Isaiah 1:21-5:30 (KJV)
Joseph Murphy, Retired Pastor
It is written that Isaiah is the chief of writing among the prophets. Isaiah means “Jehovah is salvation,” and he is considered the great Messianic prophet and prince of the Old Testament. This passage seems so relevant for this day and age. We see the Lord telling us in chapter 1 that the children he brought up (Jerusalem and Judah) have rebelled against him. “They are a sinful nation, laden with iniquity.” However, God shows his love and mercy by stating, “Come now, and let us reason together…though your sins be as scarlet, they shall be white as snow” (vs.18). This prophecy will be fulfilled when Christ comes back and they realize that he was their crucified Messiah.
I believe that the vision described in Chapter 2 is not just of Judah and Jerusalem, but describes God judging all nations, including America. It will be a fearful time! “And they shall go into the holes of the rocks and into the caves of the earth for the fear of the LORD and for the glory of his majesty, when he ariseth to shake terribly the earth” (vs.19). An Important truth struck me as I read on: “And I will give children to be their leaders” (Isaiah 3:4). This is very telling, as it seems that when a nation turns from God, he gives them men who are not strong leaders.
As we move through the passage, God’s people are shown their sins. The women were concerned only with their looks, what they wore, and their desire to be noticed (Isaiah 5:16-24). Some of the nations’ sins as a whole were greed, injustice, drunkenness and pride. They called “evil good, and good evil” (Isaiah 5:20). Only genuine repentance would save them. It reminds me of the hymn “Nothing but the Blood”, sung many times at Good Friday services. Here are the words to the first verse and chorus:
“What can wash away my sin? Nothing but the blood of Jesus.
What can make me whole again? Nothing but the blood of Jesus.
Oh! precious is the flow that makes me white as snow.
No other fount I know. Nothing but the blood of Jesus.”

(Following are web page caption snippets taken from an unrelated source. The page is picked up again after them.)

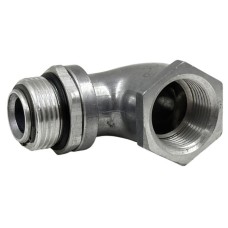 Уголок  для соединения с поворотной муфтой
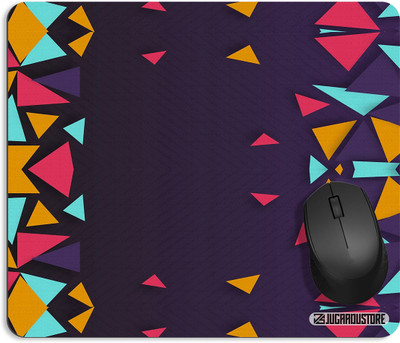 JugaaduStore N&C_1_180 Non Slip Base Mousepad(Multicolor)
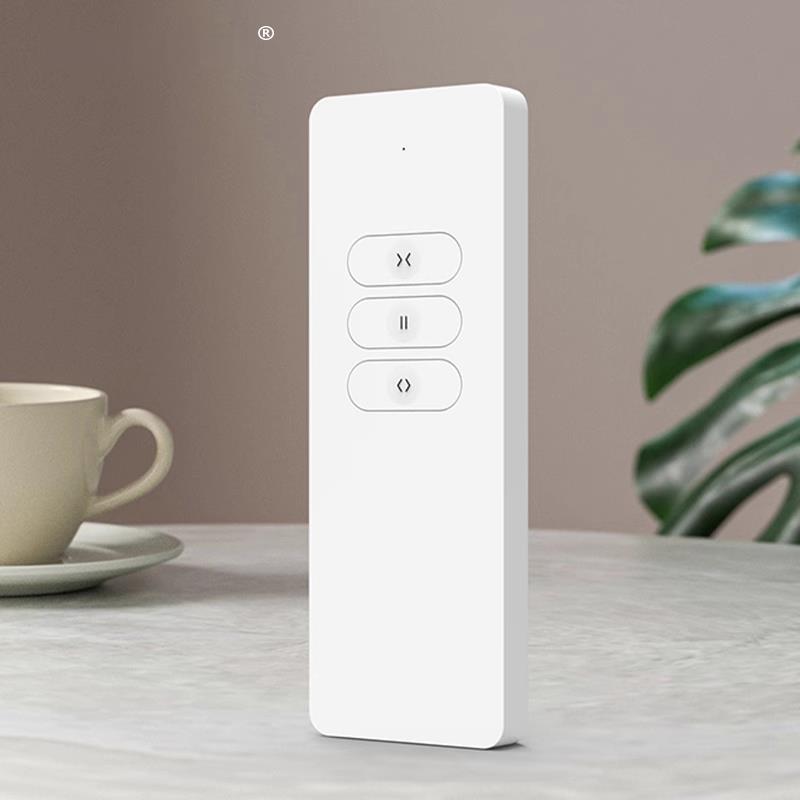 丙申电动窗帘轨道直轨遥控器自动窗帘电机遥控智能家居控制器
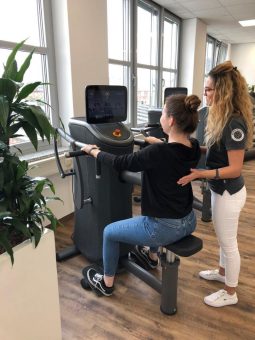 NOVOTERGUM bietet mit NOVOgym innovatives Konzept aus Training und Physiotherapie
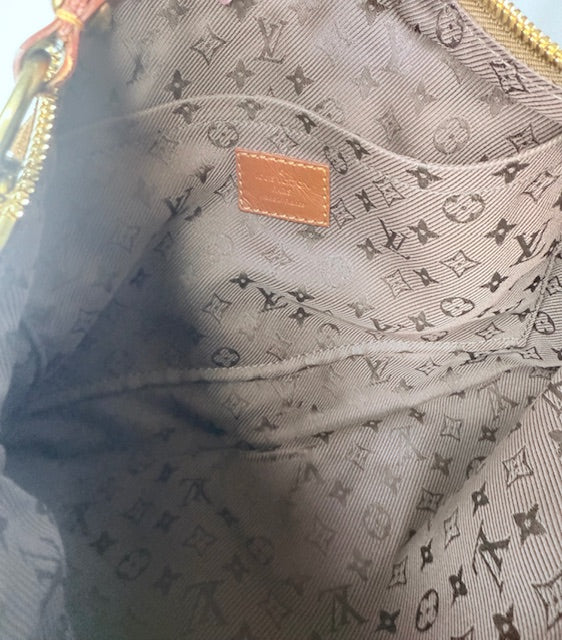 Louis Vuitton Monogram Suede Onatah Pochette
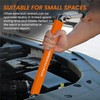 Offset Extension Wrench, Zero Degree Ratchet Extension Set Impact Ready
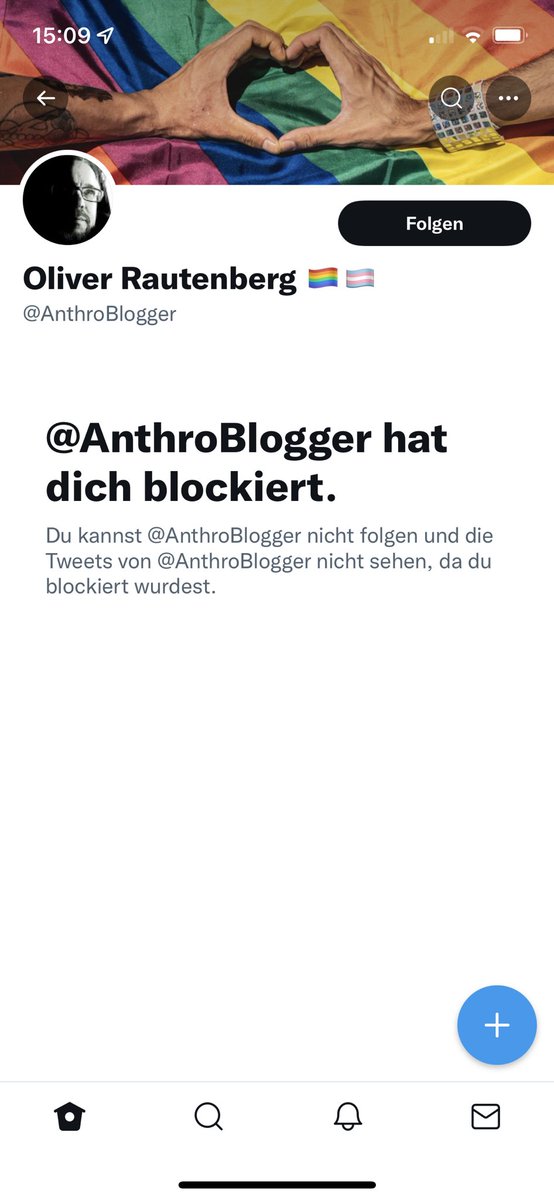 Schade, eigentlich fand ich seine Anti-Schwurbler-Geschichten immer recht lässig, aber seine Misogynie lässt er sich nicht gerne aufzeigen 🤷‍♂️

I remember the day Joan and I were snow-shoeing on the hill behind the church I pastored. Coming out from among the rows of trees into the open field, the sun suddenly came out from behind the gray clouds and lit up the newly fallen snow, so bright that it blinded my eyes. I had never seen the snow so white and clean. I was reminded of that verse in Isaiah, “Though your sins be as scarlet, they shall be white as snow.” Right then I praised God knowing that in 1968 I accepted Jesus Christ as my Savior, and that He saw me as white as snow. Do you remember when you were made white as snow?